• Task brief
Please repeat word for word the line containing "Amelia- CHL Bags - 6720" and every following line up to and including the last one below, pictures excluded.

• Given material
----------

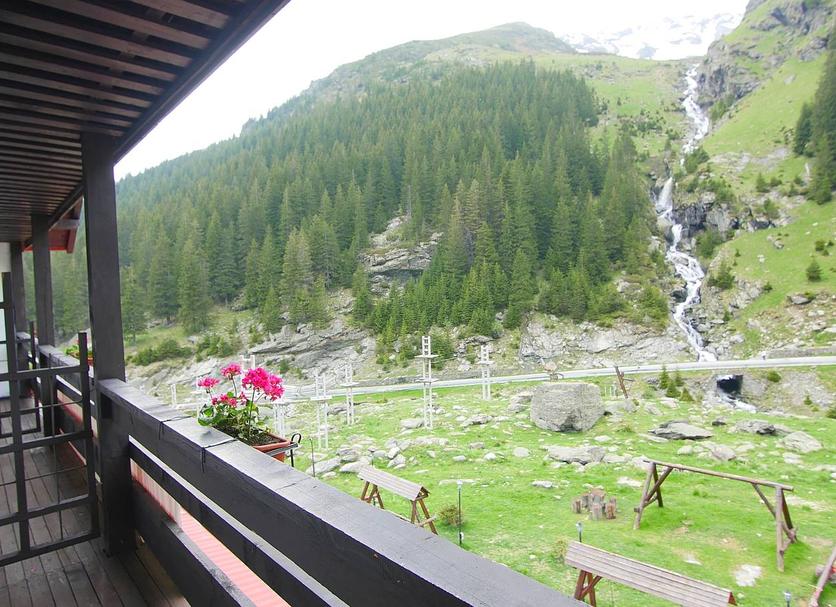 Balcon Photo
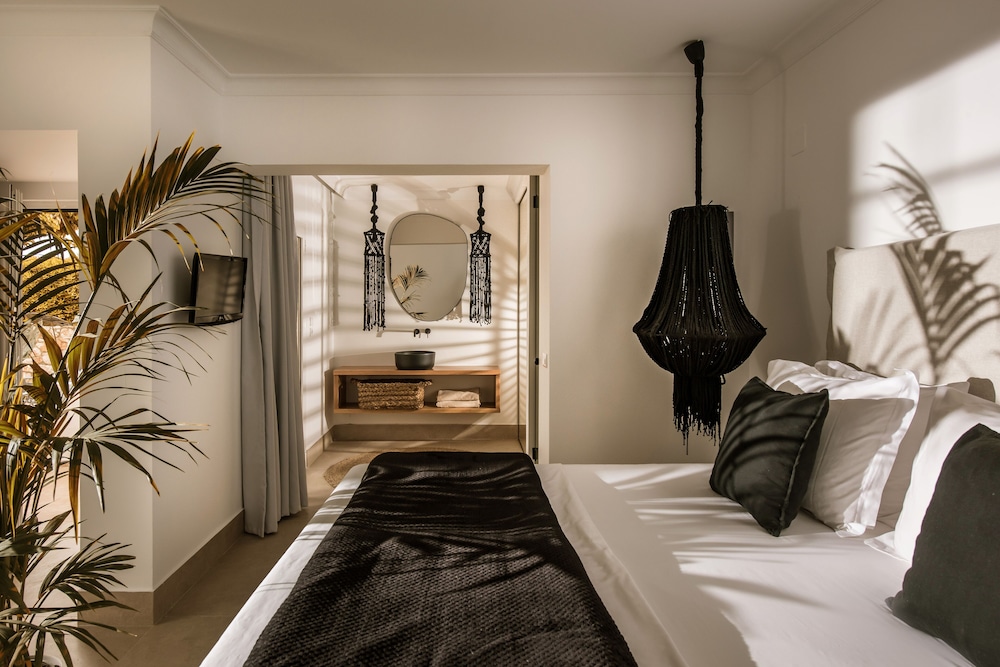 SunVillage Boutique Hotel 44/59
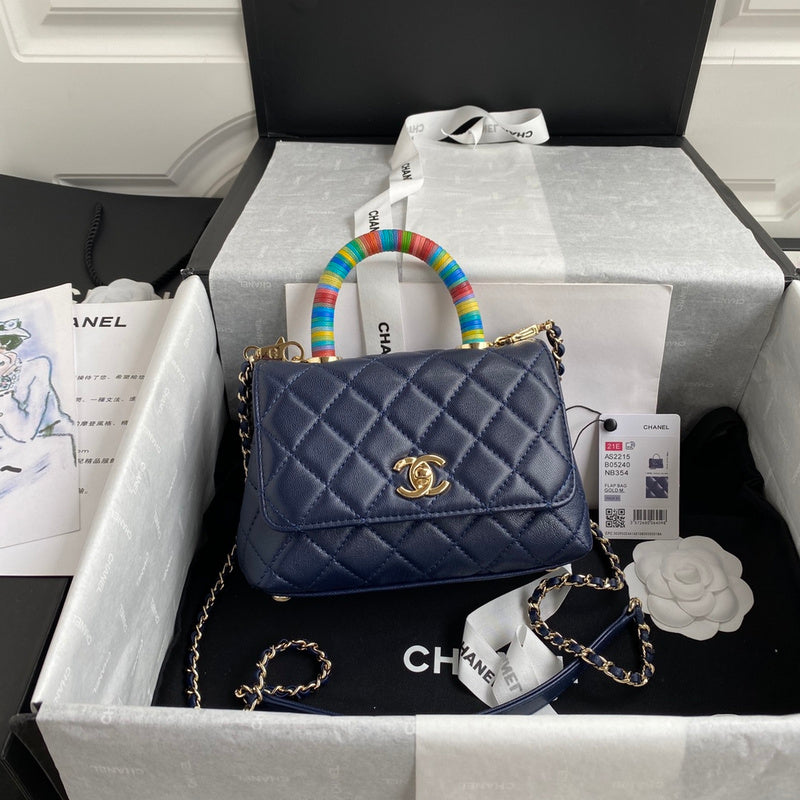 Amelia- CHL Bags - 6720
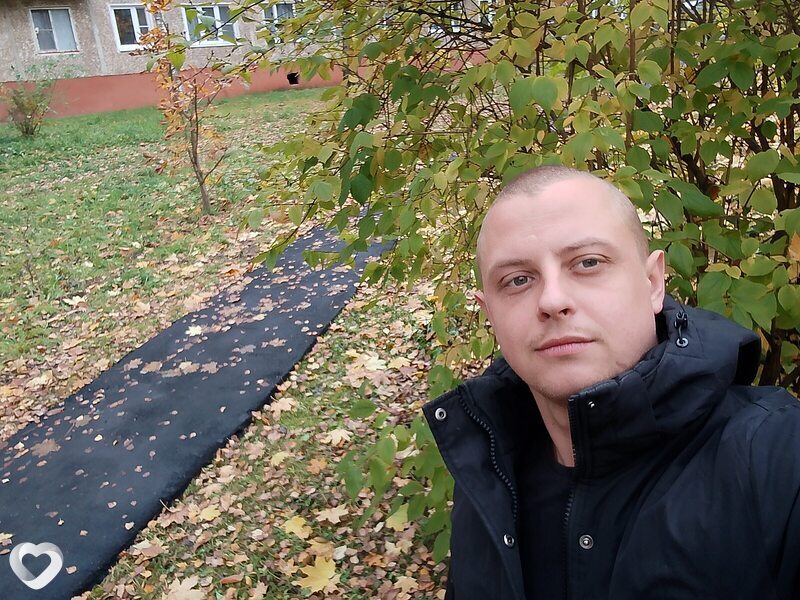 Денис, 33, Москве — анкета №3074547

----------

• Response
 Amelia- CHL Bags - 6720
 Денис, 33, Москве — анкета №3074547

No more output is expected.